Tribune d’Eric Ciotti publiée dans le Huffington Post : http://www.huffingtonpost.fr/eric-ciotti/francois-falletti-christiane-taubira_b_4745836.html

Les très récentes révélations du Canard Enchainé et du Figaro sur la convocation dont a fait l’objet François Falletti, procureur général près la Cour d’Appel de Paris, par le cabinet de la ministre de la Justice sont d’une extrême gravité.

L’accusation porte sur les plus proches collaborateurs de la Garde des Sceaux. À la demande de Christiane Taubira, ils auraient fait pression, sur ce haut magistrat pour qu’il quitte « volontairement » ses fonctions, au mépris de nos principes fondamentaux protégeant l’indépendance des magistrats. Le Procureur Général de Paris a même officiellement pris sa plume pour demander à la Garde des Sceaux de cesser ces pressions malvenues, sans quoi il solliciterait la « protection du Conseil Supérieur de la Magistrature ».

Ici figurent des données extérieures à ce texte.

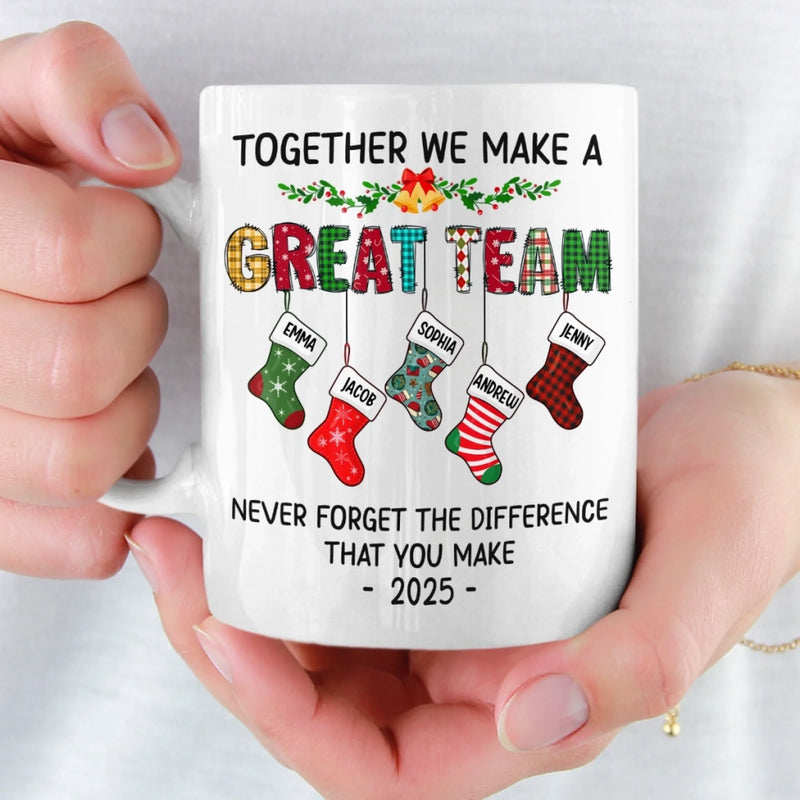 Custom Mug - Personalized Christmas Birthday Gifts For Coworker, Work Bestie - Stay Positive To Work Hard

Au moment où le Gouvernement installe un nouveau parquet financier, après les tourments de la détestable affaire Cahuzac, quel nouveau stratagème se cache derrière ce jeu annoncé de chaise musicale judiciaire ? Pourquoi la Garde des Sceaux cherche-t-elle à remplacer l’actuel Procureur Général de Paris, dont la compétence et l’intégrité sont reconnus de tous, par un magistrat « de sa sensibilité politique »? Ces questions ne peuvent rester sans réponse. Le lourd soupçon sur les agissements des collaborateurs de la ministre de la Justice ne peut demeurer, sans porter atteinte gravement au fonctionnement régulier de nos institutions.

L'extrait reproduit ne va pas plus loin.